Nombre de personnes pratiquent le théâtre en amateurs et ne se rendent pas compte que leurs répliques ne sont pas audibles pour une part de leurs spectateurs, nombre d’enseignants s’interrogent à propos de l’inattention chronique de leurs ouailles, nombre de quidams conviés par collègues ou familles se trouvent coincés lorsqu’il convient d’intervenir lors d’un anniversaire, un enterrement, une promotion ou une mise à la retraite.
Gérard Santi, depuis longtemps, éduque les voix. Son rôle consiste à "transmettre le droit et le devoir de se faire entendre et comprendre". Il s’est décidé à rassembler ce qui constitue son expérience à la fois d’interprète et de pédagogue, de praticien et de théoricien.
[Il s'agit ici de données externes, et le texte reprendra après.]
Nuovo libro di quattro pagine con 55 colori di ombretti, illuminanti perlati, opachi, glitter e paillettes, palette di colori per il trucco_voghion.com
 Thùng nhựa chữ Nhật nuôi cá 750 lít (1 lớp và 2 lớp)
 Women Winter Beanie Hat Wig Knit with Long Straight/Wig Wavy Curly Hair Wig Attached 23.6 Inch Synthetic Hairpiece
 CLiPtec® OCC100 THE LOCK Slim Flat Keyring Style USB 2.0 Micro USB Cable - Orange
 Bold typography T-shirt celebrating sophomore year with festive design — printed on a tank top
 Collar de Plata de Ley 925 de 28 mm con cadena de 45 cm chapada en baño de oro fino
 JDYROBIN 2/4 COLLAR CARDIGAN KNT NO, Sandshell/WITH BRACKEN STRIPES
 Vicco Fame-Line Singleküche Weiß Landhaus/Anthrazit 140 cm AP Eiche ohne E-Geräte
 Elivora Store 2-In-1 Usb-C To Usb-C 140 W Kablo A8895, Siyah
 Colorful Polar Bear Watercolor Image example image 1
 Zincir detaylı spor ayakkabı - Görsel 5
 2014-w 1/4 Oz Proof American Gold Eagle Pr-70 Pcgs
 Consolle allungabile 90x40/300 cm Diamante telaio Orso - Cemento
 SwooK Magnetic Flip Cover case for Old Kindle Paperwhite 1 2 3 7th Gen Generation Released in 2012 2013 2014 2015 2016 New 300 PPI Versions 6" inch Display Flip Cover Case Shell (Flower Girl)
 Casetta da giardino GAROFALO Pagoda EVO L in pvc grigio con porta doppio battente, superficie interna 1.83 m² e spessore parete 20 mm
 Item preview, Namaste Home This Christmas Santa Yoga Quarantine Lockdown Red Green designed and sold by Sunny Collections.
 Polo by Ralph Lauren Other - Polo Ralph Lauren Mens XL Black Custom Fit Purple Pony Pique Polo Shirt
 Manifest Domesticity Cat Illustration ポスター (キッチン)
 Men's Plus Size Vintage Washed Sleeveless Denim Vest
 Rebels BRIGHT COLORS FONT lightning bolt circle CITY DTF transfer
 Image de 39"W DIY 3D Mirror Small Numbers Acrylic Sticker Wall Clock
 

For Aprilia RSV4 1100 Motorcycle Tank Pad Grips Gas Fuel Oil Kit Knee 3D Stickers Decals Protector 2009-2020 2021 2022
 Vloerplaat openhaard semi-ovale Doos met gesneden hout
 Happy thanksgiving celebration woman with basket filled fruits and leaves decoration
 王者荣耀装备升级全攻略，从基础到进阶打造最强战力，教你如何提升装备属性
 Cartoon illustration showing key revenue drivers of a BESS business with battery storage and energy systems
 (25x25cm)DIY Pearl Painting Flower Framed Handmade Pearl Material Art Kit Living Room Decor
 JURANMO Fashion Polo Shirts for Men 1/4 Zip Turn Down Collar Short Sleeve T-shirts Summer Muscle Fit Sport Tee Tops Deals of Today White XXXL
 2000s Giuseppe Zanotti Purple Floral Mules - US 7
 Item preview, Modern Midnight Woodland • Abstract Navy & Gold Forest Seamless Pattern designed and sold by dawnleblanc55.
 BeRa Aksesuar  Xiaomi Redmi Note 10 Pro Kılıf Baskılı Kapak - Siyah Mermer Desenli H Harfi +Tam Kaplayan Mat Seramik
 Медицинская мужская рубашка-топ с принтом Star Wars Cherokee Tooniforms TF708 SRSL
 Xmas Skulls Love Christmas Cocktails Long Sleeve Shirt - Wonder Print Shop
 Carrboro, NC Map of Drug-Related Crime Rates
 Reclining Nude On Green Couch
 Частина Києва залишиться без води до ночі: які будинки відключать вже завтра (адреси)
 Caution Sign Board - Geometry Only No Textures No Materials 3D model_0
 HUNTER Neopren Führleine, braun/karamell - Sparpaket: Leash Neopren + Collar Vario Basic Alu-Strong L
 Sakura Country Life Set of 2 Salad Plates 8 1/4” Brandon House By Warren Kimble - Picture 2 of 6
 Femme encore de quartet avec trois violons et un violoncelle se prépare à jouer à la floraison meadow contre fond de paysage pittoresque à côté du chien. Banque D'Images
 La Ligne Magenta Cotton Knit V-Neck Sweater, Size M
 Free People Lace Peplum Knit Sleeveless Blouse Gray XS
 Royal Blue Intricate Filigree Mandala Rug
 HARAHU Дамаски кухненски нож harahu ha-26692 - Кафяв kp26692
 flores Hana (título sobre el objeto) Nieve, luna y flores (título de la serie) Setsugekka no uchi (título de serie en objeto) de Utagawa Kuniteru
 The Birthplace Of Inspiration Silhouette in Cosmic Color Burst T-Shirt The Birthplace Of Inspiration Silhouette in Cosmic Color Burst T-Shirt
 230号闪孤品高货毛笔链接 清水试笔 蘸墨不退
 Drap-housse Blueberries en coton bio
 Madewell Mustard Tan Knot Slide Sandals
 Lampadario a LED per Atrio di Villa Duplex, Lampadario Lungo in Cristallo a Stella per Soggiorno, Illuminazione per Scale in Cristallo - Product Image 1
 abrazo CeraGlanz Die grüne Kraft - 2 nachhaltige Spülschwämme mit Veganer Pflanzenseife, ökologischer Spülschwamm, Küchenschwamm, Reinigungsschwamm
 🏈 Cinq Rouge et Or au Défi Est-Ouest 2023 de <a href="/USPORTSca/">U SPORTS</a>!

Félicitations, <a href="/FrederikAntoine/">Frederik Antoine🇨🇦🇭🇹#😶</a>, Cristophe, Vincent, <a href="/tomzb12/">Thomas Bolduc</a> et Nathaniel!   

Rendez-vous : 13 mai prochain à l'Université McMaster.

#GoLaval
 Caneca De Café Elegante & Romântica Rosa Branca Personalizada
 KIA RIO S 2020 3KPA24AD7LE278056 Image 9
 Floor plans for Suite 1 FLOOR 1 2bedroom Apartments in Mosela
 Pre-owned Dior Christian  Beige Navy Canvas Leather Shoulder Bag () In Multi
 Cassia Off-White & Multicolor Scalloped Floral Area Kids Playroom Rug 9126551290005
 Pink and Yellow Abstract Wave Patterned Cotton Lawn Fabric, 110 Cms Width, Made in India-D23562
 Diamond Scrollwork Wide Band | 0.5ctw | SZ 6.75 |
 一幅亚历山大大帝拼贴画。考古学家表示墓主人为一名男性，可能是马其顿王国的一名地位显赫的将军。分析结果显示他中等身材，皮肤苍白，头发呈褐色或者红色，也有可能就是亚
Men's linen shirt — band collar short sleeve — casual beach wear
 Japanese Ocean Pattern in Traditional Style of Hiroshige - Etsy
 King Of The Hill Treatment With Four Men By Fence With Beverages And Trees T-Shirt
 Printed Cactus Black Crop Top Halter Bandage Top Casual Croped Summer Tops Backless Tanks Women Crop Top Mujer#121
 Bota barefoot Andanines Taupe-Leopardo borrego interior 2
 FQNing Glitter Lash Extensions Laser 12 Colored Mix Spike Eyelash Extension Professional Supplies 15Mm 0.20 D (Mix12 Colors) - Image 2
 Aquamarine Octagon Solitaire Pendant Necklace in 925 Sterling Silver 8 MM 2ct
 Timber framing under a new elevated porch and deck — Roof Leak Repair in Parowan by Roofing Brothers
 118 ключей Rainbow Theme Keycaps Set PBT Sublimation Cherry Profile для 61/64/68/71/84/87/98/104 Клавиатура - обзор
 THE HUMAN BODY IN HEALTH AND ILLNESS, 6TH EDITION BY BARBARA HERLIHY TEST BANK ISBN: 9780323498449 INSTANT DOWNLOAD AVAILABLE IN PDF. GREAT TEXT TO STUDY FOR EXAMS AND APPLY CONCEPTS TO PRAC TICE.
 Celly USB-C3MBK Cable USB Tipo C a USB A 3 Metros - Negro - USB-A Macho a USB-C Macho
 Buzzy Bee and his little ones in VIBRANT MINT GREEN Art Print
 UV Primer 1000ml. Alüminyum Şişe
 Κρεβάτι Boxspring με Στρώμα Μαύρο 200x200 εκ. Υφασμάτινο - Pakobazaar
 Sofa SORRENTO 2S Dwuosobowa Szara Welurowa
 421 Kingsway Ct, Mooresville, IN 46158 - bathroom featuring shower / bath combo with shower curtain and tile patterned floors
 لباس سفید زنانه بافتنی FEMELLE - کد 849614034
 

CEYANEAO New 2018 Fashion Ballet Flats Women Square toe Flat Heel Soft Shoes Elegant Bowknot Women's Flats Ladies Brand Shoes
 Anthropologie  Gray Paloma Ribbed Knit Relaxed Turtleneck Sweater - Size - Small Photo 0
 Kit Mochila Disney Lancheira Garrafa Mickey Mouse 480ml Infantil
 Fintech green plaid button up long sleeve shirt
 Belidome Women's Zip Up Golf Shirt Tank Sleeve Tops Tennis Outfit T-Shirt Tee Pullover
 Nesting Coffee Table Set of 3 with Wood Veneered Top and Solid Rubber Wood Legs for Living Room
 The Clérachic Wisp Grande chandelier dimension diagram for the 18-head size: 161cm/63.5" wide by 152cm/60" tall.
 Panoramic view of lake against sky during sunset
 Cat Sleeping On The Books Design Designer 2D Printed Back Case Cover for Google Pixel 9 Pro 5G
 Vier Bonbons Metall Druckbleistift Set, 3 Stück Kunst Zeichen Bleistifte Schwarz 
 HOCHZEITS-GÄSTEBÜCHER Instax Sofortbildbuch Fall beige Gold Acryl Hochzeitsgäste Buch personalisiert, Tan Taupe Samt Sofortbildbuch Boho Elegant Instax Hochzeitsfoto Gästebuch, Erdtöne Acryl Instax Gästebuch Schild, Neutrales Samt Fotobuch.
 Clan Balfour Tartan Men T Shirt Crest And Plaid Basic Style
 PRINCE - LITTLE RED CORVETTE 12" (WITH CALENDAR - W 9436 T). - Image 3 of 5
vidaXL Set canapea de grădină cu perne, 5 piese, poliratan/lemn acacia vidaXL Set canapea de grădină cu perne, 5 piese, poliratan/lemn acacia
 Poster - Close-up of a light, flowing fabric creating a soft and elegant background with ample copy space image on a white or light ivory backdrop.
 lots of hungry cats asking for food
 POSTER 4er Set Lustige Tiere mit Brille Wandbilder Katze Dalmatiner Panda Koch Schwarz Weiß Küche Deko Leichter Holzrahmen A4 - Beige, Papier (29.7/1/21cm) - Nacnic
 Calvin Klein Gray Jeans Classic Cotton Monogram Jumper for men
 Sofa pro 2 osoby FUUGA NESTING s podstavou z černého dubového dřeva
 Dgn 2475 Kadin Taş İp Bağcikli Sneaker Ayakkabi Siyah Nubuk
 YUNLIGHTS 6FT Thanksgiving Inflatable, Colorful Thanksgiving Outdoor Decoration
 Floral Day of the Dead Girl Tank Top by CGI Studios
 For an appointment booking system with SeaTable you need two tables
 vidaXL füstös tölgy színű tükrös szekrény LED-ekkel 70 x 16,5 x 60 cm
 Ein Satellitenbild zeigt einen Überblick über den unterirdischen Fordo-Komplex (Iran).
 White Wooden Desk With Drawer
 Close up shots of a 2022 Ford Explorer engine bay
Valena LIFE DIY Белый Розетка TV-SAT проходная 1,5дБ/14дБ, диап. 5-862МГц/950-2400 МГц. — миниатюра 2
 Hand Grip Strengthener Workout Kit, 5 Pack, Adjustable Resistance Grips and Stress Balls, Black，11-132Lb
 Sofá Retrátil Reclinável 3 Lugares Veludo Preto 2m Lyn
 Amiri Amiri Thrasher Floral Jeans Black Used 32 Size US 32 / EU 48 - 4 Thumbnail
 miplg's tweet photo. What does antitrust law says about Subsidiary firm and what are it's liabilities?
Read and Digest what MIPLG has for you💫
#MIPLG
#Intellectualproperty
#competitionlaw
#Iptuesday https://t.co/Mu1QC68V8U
Son écriture va vagabonder de l’information au mode d’emploi via les anecdotes, les réflexions, les trucs pratiques pour s’entraîner ou conserver ses acquis.
La méthode Santi se base sur un paradoxe : pour chanter juste il faut en premier lieu oser ‘chanter moche’ c’est-à-dire non pas en tentant de faire ce qu’on imagine être ce qu’on croit être l’idéal mais bien de se laisser aller sans préjugé culturel à ce qui nous correspond intimement. Non plus une imitation inconsciemment convenue mais bien une spontanéité liée à notre personnalité.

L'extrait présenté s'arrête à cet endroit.